Center for Musculoskeletal Disease Research, University of Arkansas for Medical Sciences, Little Rock, 72205, AR, USA.
Department of Orthopaedic Surgery, University of Arkansas for Medical Sciences, Little Rock, 72205, AR, USA.
Nat Commun. 2018 Jul 25;9(1):2909. doi: 10.1038/s41467-018-05244-y.

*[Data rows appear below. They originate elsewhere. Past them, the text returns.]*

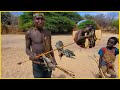 Hadz people drinking bird blood  traditional lifestyle  huntergatherers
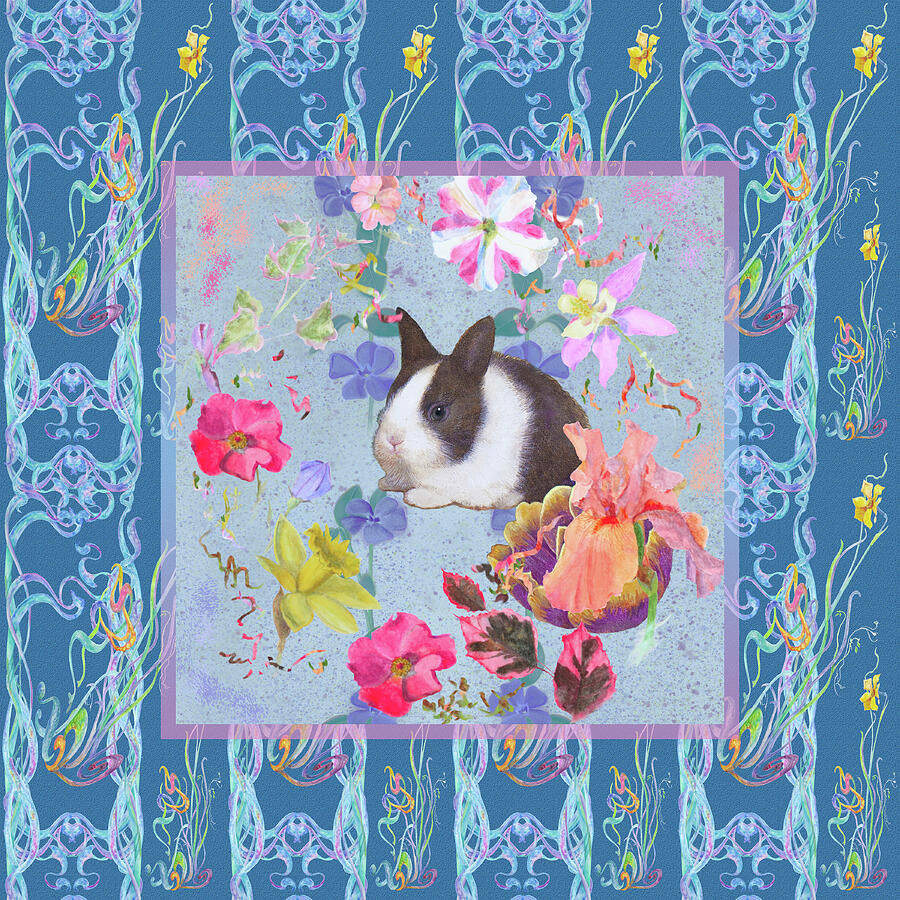 Dutch Rabbit on Classic Blue with Rose Mallow Border Mixed Media by Nancy Lee Moran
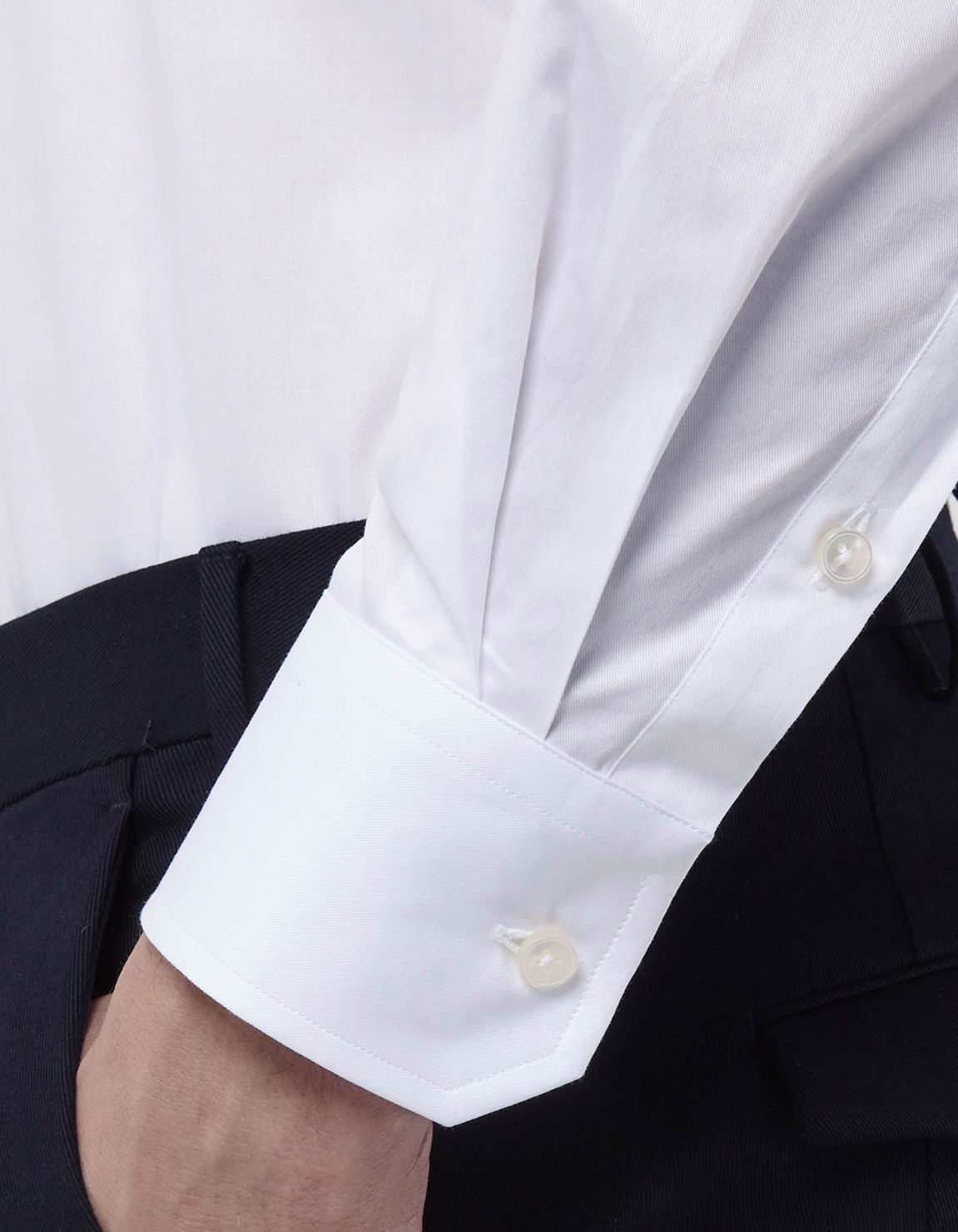 White Twill Solid colour Shirt Collar spread Evolution Classic Fit 5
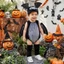 Trẻ Sơ Sinh Bé Trai Halloween Bát Trang Phục Sang Trọng Cổ Tròn Không Tay Cánh Dơi Trang Trí Áo Liền Quần Mũ Và Vớ Bộ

Receptor activator of NFkB ligand (RANKL) is a TNF-family cytokine required for osteoclast formation, as well as immune cell and mammary gland development. It is produced as a membrane-bound protein that can be shed to form a soluble protein. We created mice harboring a sheddase-resistant form of RANKL, in which soluble RANKL is undetectable in the circulation. Lack of soluble RANKL does not affect bone mass or structure in growing mice but reduces osteoclast number and increases cancellous bone mass in adult mice. Nonetheless, the bone loss caused by estrogen deficiency is unaffected by the lack of soluble RANKL. Lymphocyte number, lymph node development, and mammary gland development are also unaffected by the absence of soluble RANKL. These results demonstrate that the membrane-bound form of RANKL is sufficient for most functions of this protein but that the soluble form does contribute to physiological bone remodeling in adult mice.
核因子 κB 受体激活物配体(RANKL)是一种 TNF 家族细胞因子,对于破骨细胞的形成以及免疫细胞和乳腺的发育是必需的。它作为一种膜结合蛋白被产生,这种膜结合蛋白可以被脱落形成一种可溶性蛋白。我们构建了一种带有破骨细胞溶解酶抗性形式的 RANKL 的小鼠,其中循环中检测不到可溶性 RANKL。可溶性 RANKL 的缺乏并不影响生长中的小鼠的骨量或结构,但减少了成年小鼠的破骨细胞数量并增加了小梁骨量。尽管如此,雌激素缺乏引起的骨丢失不受可溶性 RANKL 的缺乏影响。淋巴细胞数量、淋巴结发育和乳腺发育也不受可溶性 RANKL 缺乏的影响。这些结果表明,RANKL 的膜结合形式足以发挥该蛋白的大多数功能,但可溶性形式确实有助于成年小鼠的生理性骨重塑。